Data: Begin

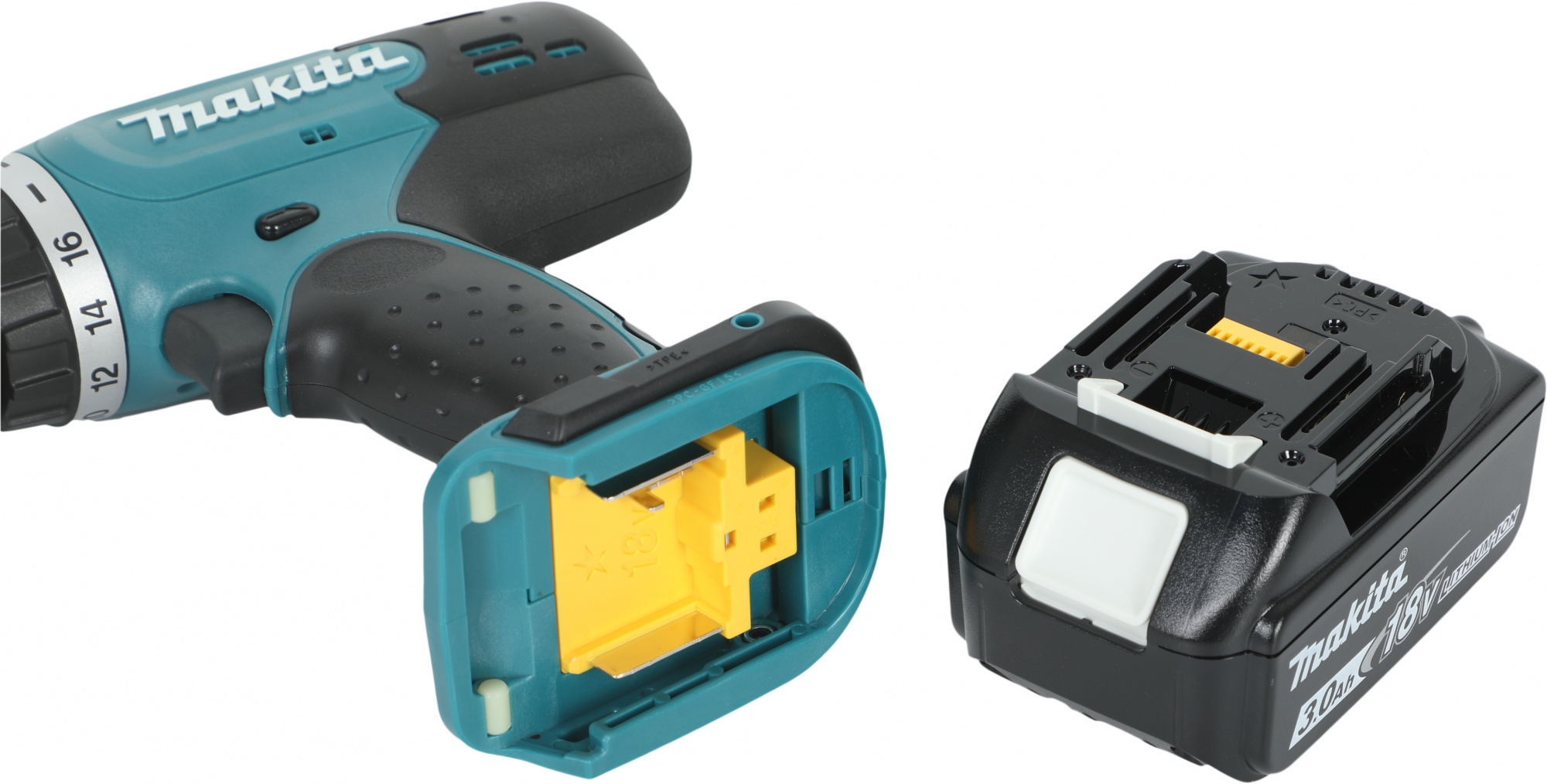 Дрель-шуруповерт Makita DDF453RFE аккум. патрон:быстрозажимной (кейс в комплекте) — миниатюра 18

Data: End
Data: Begin

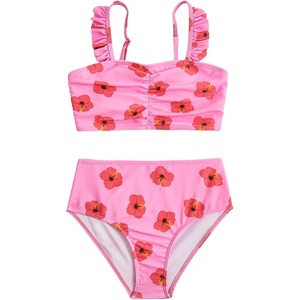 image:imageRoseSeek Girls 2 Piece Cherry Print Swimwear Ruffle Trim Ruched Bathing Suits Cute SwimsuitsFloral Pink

Data: End
Data: Begin

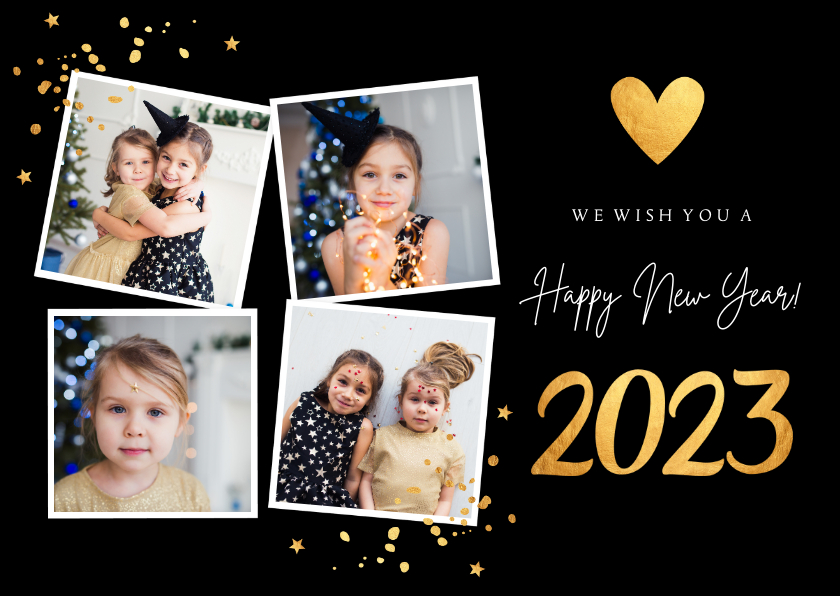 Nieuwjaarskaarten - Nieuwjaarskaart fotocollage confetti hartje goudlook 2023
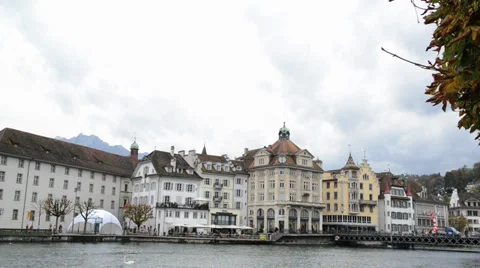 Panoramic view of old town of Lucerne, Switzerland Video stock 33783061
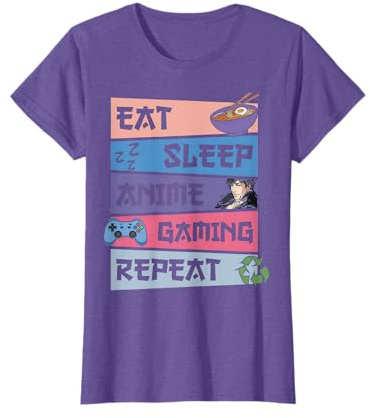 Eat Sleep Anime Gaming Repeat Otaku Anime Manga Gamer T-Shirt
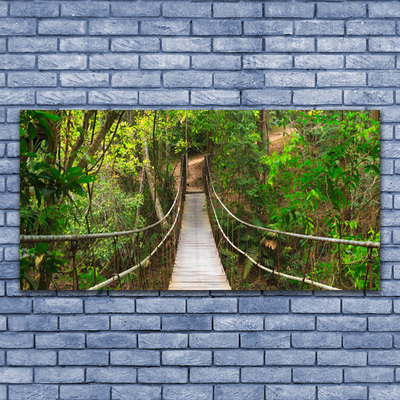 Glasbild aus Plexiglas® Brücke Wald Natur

Data: End

Work order. Of the lines above, quote exactly those from the one with "Nieuwjaarskaarten - Nieuwjaarskaart" through the one with "Glasbild aus Plexiglas® Brücke Wald Natur", ends included; pictures stay out.

Result of this task.
 Nieuwjaarskaarten - Nieuwjaarskaart fotocollage confetti hartje goudlook 2023
 Panoramic view of old town of Lucerne, Switzerland Video stock 33783061
 Eat Sleep Anime Gaming Repeat Otaku Anime Manga Gamer T-Shirt
 Glasbild aus Plexiglas® Brücke Wald Natur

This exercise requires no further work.